## Running ATRIUM information extraction pipeline on full text extracted from OASIS PDF reports

In [1]:
%%capture
import warnings
# suppress user warnings during execution
warnings.filterwarnings(action='ignore', category=UserWarning)
warnings.filterwarnings(action='ignore', category=FutureWarning)
# load required dependencies
%pip install --upgrade pip
%pip install spacy
%pip install ipywidgets

%sx python -m spacy download en_core_web_sm

In [None]:
from datetime import datetime as DT # for timestamps
import json, os
from slugify import slugify # for valid filenames from identifiers
from weasyprint import HTML
#from rematch2 import PeriodoRuler, VocabularyRuler, NegationRuler, DocSummary, TextNormalizer
from rematch2 import DocSummary
from rematch2.SpanScorer import SpanScorer
#from tides_dataclasses import Section

from ATRIUM_T4_1_2_IE_pipeline import get_pipeline, get_records_from_csv_file


# using predefined spaCy pipeline (English)
ts_started = DT.now()     
print("setting up nlp pipeline")
nlp = get_pipeline("en")
print(f"finished setting up nlp pipeline in {DT.now() - ts_started}")

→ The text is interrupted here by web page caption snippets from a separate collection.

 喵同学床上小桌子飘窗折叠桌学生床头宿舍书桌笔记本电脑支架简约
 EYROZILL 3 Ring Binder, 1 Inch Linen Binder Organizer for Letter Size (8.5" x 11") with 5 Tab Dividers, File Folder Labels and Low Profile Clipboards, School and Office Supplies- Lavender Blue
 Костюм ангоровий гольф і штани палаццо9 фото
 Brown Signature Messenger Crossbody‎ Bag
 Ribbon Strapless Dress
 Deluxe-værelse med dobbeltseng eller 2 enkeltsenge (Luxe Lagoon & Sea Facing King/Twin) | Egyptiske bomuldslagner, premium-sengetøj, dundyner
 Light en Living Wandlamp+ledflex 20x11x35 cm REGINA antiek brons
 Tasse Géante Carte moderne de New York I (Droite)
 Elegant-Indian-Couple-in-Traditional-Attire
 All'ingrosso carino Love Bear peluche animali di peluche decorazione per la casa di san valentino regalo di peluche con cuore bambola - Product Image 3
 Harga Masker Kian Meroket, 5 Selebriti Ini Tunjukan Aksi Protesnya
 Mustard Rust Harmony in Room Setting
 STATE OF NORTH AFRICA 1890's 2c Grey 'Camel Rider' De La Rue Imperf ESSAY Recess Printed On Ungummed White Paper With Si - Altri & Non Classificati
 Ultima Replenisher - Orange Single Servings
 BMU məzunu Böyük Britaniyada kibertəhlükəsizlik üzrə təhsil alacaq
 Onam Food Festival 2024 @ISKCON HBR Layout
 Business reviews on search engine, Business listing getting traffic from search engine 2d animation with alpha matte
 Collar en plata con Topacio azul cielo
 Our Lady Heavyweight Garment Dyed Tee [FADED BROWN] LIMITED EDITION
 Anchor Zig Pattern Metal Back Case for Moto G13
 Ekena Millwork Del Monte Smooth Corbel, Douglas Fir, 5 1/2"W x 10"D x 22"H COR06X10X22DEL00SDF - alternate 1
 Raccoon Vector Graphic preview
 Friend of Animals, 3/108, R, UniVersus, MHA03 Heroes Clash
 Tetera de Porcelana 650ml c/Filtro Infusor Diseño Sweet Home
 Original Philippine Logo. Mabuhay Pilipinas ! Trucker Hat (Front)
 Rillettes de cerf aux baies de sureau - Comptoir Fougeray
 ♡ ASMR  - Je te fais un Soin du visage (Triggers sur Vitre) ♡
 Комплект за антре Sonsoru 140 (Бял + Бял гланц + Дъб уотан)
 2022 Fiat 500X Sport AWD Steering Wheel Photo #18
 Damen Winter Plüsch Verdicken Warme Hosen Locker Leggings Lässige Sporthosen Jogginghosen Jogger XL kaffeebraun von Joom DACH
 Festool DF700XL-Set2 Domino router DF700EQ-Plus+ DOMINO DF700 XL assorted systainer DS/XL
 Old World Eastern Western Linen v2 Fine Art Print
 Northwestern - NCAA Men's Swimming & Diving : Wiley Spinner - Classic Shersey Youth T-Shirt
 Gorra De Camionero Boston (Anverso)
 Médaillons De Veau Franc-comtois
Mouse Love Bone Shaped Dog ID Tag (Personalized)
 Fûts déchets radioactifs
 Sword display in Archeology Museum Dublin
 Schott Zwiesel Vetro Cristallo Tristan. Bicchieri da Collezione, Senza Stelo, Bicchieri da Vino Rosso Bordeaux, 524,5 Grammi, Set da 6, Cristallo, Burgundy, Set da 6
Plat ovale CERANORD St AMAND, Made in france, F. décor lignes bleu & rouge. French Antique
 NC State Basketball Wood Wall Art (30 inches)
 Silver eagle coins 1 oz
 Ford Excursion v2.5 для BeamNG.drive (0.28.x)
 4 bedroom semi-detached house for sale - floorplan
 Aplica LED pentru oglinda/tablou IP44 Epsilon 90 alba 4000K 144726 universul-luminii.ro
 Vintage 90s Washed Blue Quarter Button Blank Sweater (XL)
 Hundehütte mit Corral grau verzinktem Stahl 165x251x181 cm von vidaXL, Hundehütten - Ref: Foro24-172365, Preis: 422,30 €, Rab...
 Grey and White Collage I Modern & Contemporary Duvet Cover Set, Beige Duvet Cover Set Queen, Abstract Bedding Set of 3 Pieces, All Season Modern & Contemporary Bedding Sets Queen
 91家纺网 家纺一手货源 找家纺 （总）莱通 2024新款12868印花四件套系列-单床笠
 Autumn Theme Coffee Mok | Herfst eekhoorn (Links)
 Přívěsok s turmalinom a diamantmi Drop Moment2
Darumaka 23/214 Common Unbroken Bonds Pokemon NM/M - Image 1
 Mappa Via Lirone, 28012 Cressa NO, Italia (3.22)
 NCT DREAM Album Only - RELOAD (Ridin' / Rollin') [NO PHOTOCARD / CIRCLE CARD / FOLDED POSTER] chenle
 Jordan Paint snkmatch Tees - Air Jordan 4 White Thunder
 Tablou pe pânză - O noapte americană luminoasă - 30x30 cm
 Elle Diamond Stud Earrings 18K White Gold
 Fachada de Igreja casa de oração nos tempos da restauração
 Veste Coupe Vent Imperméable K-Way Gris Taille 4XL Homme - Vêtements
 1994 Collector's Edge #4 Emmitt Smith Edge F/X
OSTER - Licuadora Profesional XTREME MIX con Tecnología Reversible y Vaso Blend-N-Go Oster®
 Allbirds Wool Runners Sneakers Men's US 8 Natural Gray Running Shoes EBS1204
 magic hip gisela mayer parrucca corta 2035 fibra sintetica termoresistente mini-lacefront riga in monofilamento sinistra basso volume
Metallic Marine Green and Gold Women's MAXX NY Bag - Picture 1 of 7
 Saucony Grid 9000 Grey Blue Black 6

# input directory containing text files to process
#input_directory = "./data/oasis/journals_july_2024/text extraction - new" # Mugdha's output
input_directory = "./data/oasis/journals_july_2024/text_extraction_20251117" # Mark's script re-extracted text 2025-11-17

# read separate CSV file containing titles and abstracts for (some of) the files we will process
print("extracting metadata records from CSV file")
metadata_file_path = os.path.join(input_directory, "journal_metadata.csv")
metadata_records = get_records_from_csv_file(file_path=metadata_file_path)
print(f"Total metadata records extracted: {len(metadata_records)}")
print(metadata_records[0])  # print first record for inspection

# subset of files to process
file_names_subset = [
	#"text_extraction_120_031_097.pdf.json",
	#"text_extraction_2022_96_013-068_Huxley.pdf.json",
    #"text_extraction_078_233_250.pdf.json",
    #"text_extraction_120_215_235.pdf.json",
    #"text_extraction_2022_96_001_012_Cooper_Garton.pdf.json",
    #"text_extraction_2022_96_079-094_Browning_et_al.pdf.json",
    #"text_extraction_archael522-067-077-whitworth.pdf.json",
    #"text_extraction_archael547-005-040-breeze.pdf.json",
    #"text_extraction_archael547-079-116-ceolwulf.pdf.json",
    #"text_extraction_DAJ_v023_1901_040-047.pdf.json",
    #"text_extraction_DAJ_v086_1966_093-098.pdf.json",
    #"text_extraction_DAJ_v106_1986_005-017.pdf.json",
    #"text_extraction_DAJ_v106_1986_018-100.pdf.json",
    #"text_extraction_NAS_20_1985_113-138_Shaw.pdf.json",
    #"text_extraction_SAC118_Bedwin.pdf.json",
    #"text_extraction_SAC118_Garton.pdf.json",
    "text_extraction_SAC118_Stevens.pdf.json",
    "text_extraction_surreyac103_091-172_haslam.pdf.json",
    #"text_extraction_surreyac103_185-266_saxby.pdf.json",
    #"text_extraction_surreyac103_297-305_english.pdf.json",
]

# timestamp for use in directory names
timestamp = ts_started.strftime('%Y%m%d')   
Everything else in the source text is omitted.